Problem
LinkedIn currently requires users to enter the post creation flow to view scheduled posts. This causes confusion and added friction, especially for users whose primary intent is to manage or review scheduled content rather than create new posts.
Goal
To optimize the discoverability and access of the "View Scheduled Posts" feature, reducing cognitive and interaction load for users managing scheduled content.
Current User Flow
The 3-step problem
Primary Issue: Discoverability and misaligned intent flow
UX Findings
- Users expect a separate entry point to scheduled content, independent of the post-creation process
- "Buried features" reduce feature usage and increase confusion
UX Issues
Solution
UI elements
- Clock icon (outlined style) — visible directly in the post bar
- Tooltip — "View Scheduled Posts Here"
- "Post" and "Schedule Post" merge together, with a caret for the option
The solution: a clock icon with tooltip, visible directly in the post bar — no popup required. The caret merges "Post" and "Schedule Post" into one accessible control.

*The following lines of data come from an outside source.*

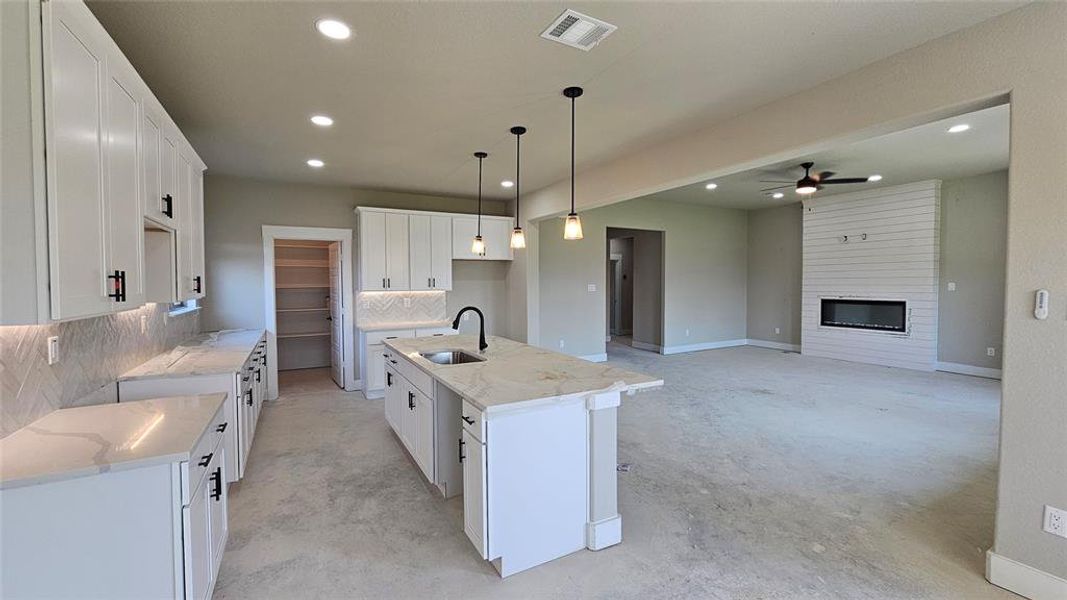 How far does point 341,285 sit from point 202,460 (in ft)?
14.2

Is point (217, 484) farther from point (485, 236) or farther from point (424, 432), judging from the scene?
point (485, 236)

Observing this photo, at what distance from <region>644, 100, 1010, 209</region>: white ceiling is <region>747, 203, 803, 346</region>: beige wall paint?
130 centimetres

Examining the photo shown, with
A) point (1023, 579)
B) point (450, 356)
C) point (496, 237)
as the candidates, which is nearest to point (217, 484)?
point (450, 356)

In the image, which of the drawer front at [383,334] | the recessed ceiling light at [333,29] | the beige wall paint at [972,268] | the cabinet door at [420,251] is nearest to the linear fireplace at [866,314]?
the beige wall paint at [972,268]

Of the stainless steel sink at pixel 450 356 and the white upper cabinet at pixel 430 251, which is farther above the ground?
the white upper cabinet at pixel 430 251

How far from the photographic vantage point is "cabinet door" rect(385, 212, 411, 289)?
5645mm

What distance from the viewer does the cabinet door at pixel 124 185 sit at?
5.82ft

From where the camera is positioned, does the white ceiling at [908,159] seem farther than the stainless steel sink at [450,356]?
Yes

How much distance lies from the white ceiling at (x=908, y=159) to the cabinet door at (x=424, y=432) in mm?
3662

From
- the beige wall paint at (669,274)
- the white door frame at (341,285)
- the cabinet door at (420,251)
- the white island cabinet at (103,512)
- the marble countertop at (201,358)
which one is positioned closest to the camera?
the white island cabinet at (103,512)

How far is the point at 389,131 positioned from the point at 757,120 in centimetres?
283

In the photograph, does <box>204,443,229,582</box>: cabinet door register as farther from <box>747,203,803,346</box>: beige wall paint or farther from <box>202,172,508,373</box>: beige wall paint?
<box>747,203,803,346</box>: beige wall paint

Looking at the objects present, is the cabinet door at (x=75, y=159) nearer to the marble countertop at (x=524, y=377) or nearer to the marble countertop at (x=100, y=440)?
the marble countertop at (x=100, y=440)

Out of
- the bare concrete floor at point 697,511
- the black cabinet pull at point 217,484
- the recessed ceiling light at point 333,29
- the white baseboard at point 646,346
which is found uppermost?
the recessed ceiling light at point 333,29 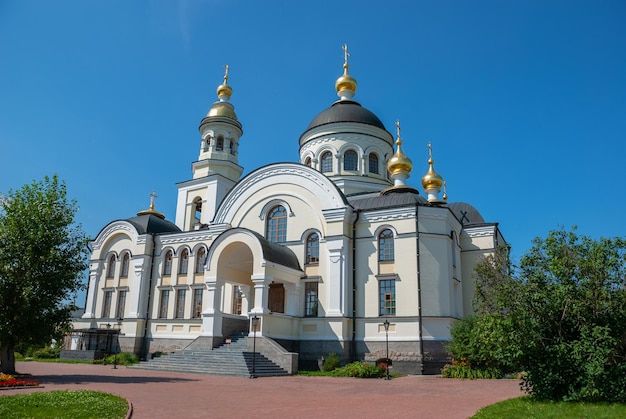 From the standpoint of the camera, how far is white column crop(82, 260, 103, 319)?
29.8 metres

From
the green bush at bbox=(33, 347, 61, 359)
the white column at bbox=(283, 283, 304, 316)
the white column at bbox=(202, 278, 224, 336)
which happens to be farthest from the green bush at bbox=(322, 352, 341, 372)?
the green bush at bbox=(33, 347, 61, 359)

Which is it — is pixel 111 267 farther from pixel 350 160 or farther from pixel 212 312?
pixel 350 160

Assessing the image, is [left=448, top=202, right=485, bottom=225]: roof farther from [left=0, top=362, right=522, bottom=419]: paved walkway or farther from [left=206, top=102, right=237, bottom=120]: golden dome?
[left=206, top=102, right=237, bottom=120]: golden dome

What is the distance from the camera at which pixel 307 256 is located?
24.3 m

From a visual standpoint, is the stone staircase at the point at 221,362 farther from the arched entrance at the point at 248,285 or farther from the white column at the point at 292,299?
the white column at the point at 292,299

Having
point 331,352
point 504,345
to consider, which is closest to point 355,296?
point 331,352

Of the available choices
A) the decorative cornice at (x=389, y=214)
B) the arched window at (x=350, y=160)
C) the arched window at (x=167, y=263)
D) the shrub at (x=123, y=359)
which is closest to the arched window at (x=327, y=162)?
the arched window at (x=350, y=160)

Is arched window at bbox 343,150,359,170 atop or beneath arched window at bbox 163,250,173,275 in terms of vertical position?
atop

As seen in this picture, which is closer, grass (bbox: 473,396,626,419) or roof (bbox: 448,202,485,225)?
grass (bbox: 473,396,626,419)

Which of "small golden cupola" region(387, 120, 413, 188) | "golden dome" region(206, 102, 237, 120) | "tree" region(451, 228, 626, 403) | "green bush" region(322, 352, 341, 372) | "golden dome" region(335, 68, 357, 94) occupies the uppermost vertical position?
"golden dome" region(335, 68, 357, 94)

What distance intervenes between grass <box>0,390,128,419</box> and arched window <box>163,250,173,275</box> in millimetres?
17706

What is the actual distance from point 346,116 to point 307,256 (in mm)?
10357

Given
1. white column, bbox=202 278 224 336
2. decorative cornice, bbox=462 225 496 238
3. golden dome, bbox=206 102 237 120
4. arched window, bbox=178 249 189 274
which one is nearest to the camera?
white column, bbox=202 278 224 336

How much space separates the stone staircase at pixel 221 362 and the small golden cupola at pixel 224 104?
17181mm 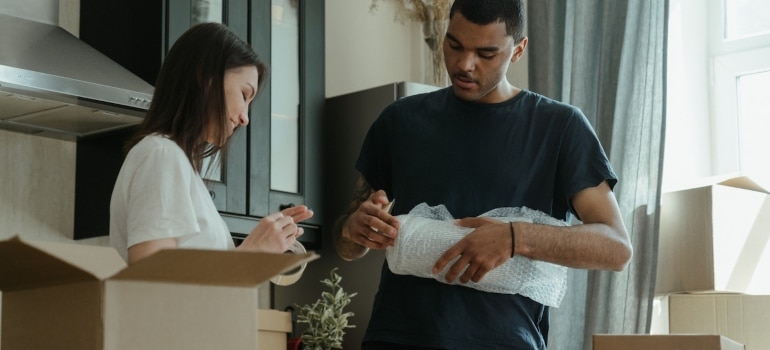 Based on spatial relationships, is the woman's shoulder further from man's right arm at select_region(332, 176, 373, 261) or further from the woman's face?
man's right arm at select_region(332, 176, 373, 261)

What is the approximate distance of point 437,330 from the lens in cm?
163

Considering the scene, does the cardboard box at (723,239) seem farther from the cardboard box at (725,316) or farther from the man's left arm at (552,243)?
the man's left arm at (552,243)

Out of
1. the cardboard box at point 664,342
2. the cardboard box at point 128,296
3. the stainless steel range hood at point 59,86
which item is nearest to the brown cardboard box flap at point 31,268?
the cardboard box at point 128,296

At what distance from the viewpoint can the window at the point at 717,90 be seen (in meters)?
3.24

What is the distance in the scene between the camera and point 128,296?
92 centimetres

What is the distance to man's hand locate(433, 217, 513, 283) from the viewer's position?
5.04 feet

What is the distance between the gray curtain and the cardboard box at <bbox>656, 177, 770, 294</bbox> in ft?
0.31

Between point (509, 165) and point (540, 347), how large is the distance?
1.03ft

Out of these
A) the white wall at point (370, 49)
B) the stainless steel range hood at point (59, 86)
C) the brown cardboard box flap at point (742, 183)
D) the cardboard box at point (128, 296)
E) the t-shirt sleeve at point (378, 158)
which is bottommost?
the cardboard box at point (128, 296)

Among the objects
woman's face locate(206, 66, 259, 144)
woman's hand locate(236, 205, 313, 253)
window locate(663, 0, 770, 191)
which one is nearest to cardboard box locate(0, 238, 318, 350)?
woman's hand locate(236, 205, 313, 253)

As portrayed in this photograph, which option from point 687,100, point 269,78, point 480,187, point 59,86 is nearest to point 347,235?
point 480,187

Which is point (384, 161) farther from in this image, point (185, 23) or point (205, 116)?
point (185, 23)

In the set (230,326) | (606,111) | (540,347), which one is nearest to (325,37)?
(606,111)

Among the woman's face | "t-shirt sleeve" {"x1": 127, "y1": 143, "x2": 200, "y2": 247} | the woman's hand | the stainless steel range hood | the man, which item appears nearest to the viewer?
"t-shirt sleeve" {"x1": 127, "y1": 143, "x2": 200, "y2": 247} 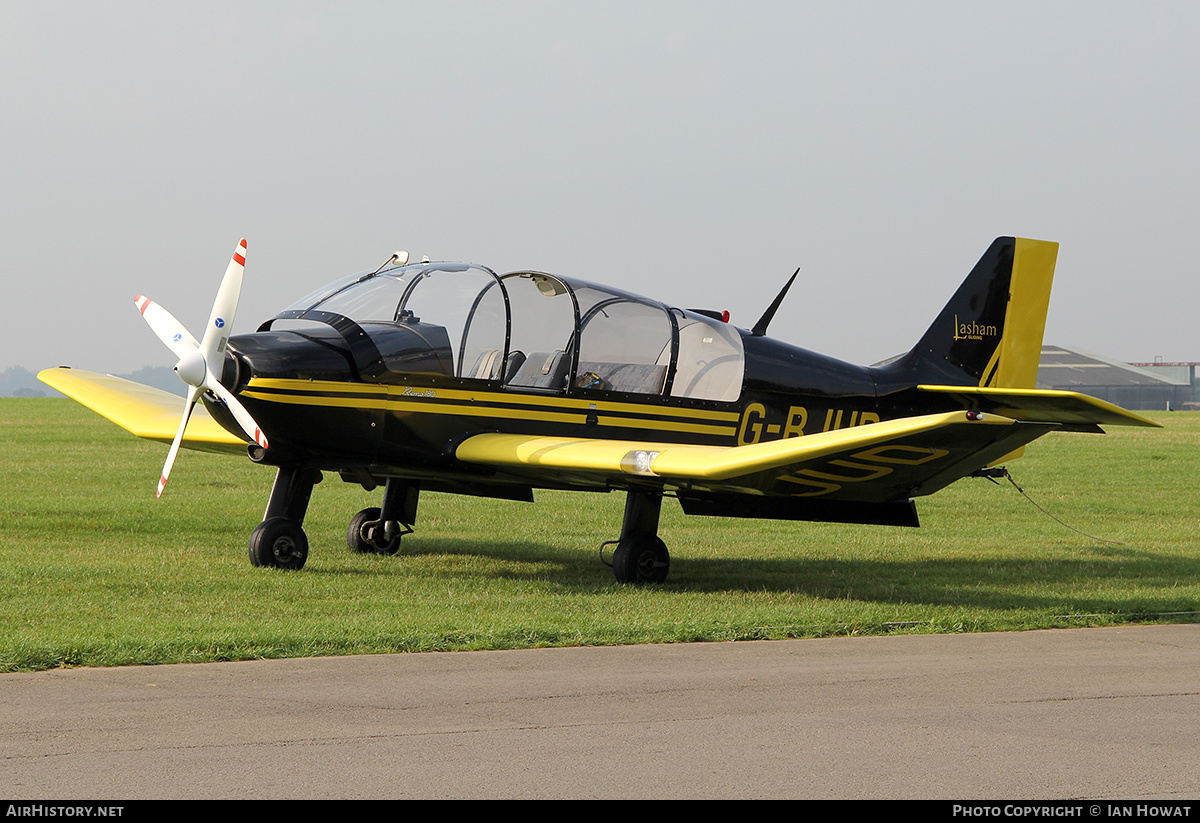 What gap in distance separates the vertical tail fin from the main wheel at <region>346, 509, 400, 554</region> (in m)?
Result: 5.93

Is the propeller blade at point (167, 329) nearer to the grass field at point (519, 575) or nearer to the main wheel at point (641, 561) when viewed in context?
the grass field at point (519, 575)

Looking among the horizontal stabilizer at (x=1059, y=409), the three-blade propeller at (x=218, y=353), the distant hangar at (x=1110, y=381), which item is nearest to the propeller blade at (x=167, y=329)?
the three-blade propeller at (x=218, y=353)

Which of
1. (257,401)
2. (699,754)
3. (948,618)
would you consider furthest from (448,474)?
(699,754)

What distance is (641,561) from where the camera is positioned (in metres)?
11.8

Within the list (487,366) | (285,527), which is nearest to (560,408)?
(487,366)

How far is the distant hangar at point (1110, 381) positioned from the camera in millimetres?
113625

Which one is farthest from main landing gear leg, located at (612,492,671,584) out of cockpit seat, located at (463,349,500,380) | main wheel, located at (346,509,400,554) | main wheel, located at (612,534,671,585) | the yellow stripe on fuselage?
main wheel, located at (346,509,400,554)

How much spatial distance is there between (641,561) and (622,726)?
570cm

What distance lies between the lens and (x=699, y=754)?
552 centimetres

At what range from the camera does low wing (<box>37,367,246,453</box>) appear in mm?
13180

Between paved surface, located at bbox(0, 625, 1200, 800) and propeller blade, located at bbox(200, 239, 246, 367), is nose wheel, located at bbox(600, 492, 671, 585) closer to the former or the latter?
paved surface, located at bbox(0, 625, 1200, 800)

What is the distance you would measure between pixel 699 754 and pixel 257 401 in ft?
20.5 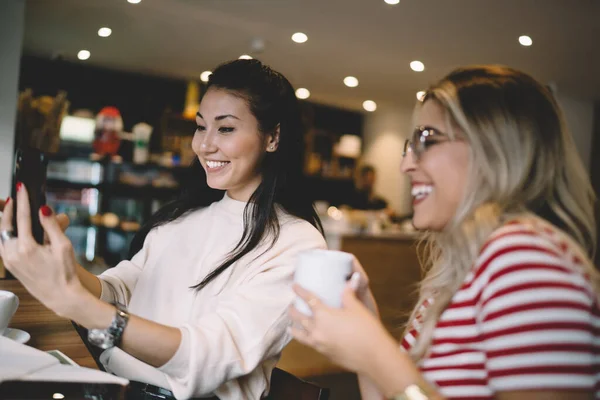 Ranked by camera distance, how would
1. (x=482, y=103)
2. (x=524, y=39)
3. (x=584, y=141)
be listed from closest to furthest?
(x=482, y=103)
(x=524, y=39)
(x=584, y=141)

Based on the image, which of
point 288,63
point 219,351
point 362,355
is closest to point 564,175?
point 362,355

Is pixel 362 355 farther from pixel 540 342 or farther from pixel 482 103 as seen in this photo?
pixel 482 103

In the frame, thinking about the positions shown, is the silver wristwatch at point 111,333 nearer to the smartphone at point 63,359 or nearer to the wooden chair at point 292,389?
the smartphone at point 63,359

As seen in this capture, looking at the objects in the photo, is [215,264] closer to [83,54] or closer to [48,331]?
[48,331]

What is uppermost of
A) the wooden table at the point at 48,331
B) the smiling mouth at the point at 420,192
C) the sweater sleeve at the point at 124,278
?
the smiling mouth at the point at 420,192

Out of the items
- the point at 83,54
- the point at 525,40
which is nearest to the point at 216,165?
the point at 525,40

The small fix helps to reduce friction and respects user intent. This small tweak aligns better with user expectations, reduces click fatigue, and makes LinkedIn's scheduling tools more efficient and discoverable.
The full interaction — designed and animated in Adobe After Effects. One direct entry point, one clear intent.
A scheduling feature that creates more friction than the task itself isn't a feature — it's friction in disguise.
The best UX fix is often the smallest: surface the right thing, at the right moment, for the right intent.